> [Exercise] Once you have read the data below, print all of it exactly.

Data items

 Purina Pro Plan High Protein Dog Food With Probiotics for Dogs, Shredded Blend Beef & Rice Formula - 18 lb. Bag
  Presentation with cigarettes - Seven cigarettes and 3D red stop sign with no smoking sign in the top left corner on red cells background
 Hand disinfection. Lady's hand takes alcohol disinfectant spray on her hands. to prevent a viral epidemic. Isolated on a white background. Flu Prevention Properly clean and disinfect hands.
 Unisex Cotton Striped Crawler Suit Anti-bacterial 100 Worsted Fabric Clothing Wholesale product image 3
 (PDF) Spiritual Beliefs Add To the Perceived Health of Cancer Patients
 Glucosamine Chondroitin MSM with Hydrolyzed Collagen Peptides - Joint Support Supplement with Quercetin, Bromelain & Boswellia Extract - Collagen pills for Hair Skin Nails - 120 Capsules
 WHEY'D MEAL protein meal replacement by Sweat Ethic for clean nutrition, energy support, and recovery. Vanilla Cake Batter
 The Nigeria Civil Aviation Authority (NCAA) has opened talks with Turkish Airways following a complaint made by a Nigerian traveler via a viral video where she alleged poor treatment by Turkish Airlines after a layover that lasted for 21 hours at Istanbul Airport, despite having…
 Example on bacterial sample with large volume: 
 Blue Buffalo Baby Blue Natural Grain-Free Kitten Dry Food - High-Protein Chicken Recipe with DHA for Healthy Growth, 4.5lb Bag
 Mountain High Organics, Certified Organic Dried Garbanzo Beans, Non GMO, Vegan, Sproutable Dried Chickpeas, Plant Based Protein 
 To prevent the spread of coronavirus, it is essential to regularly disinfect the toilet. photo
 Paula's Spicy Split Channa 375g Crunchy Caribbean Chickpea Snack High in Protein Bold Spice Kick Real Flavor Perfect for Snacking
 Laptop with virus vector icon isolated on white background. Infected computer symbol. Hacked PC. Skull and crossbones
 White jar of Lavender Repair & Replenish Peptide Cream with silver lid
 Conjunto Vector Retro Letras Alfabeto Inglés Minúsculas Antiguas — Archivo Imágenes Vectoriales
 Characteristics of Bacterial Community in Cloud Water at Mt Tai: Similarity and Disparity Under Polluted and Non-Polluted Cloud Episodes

> [Expected answer]
 Purina Pro Plan High Protein Dog Food With Probiotics for Dogs, Shredded Blend Beef & Rice Formula - 18 lb. Bag
  Presentation with cigarettes - Seven cigarettes and 3D red stop sign with no smoking sign in the top left corner on red cells background
 Hand disinfection. Lady's hand takes alcohol disinfectant spray on her hands. to prevent a viral epidemic. Isolated on a white background. Flu Prevention Properly clean and disinfect hands.
 Unisex Cotton Striped Crawler Suit Anti-bacterial 100 Worsted Fabric Clothing Wholesale product image 3
 (PDF) Spiritual Beliefs Add To the Perceived Health of Cancer Patients
 Glucosamine Chondroitin MSM with Hydrolyzed Collagen Peptides - Joint Support Supplement with Quercetin, Bromelain & Boswellia Extract - Collagen pills for Hair Skin Nails - 120 Capsules
 WHEY'D MEAL protein meal replacement by Sweat Ethic for clean nutrition, energy support, and recovery. Vanilla Cake Batter
 The Nigeria Civil Aviation Authority (NCAA) has opened talks with Turkish Airways following a complaint made by a Nigerian traveler via a viral video where she alleged poor treatment by Turkish Airlines after a layover that lasted for 21 hours at Istanbul Airport, despite having…
 Example on bacterial sample with large volume: 
 Blue Buffalo Baby Blue Natural Grain-Free Kitten Dry Food - High-Protein Chicken Recipe with DHA for Healthy Growth, 4.5lb Bag
 Mountain High Organics, Certified Organic Dried Garbanzo Beans, Non GMO, Vegan, Sproutable Dried Chickpeas, Plant Based Protein 
 To prevent the spread of coronavirus, it is essential to regularly disinfect the toilet. photo
 Paula's Spicy Split Channa 375g Crunchy Caribbean Chickpea Snack High in Protein Bold Spice Kick Real Flavor Perfect for Snacking
 Laptop with virus vector icon isolated on white background. Infected computer symbol. Hacked PC. Skull and crossbones
 White jar of Lavender Repair & Replenish Peptide Cream with silver lid
 Conjunto Vector Retro Letras Alfabeto Inglés Minúsculas Antiguas — Archivo Imágenes Vectoriales
 Characteristics of Bacterial Community in Cloud Water at Mt Tai: Similarity and Disparity Under Polluted and Non-Polluted Cloud Episodes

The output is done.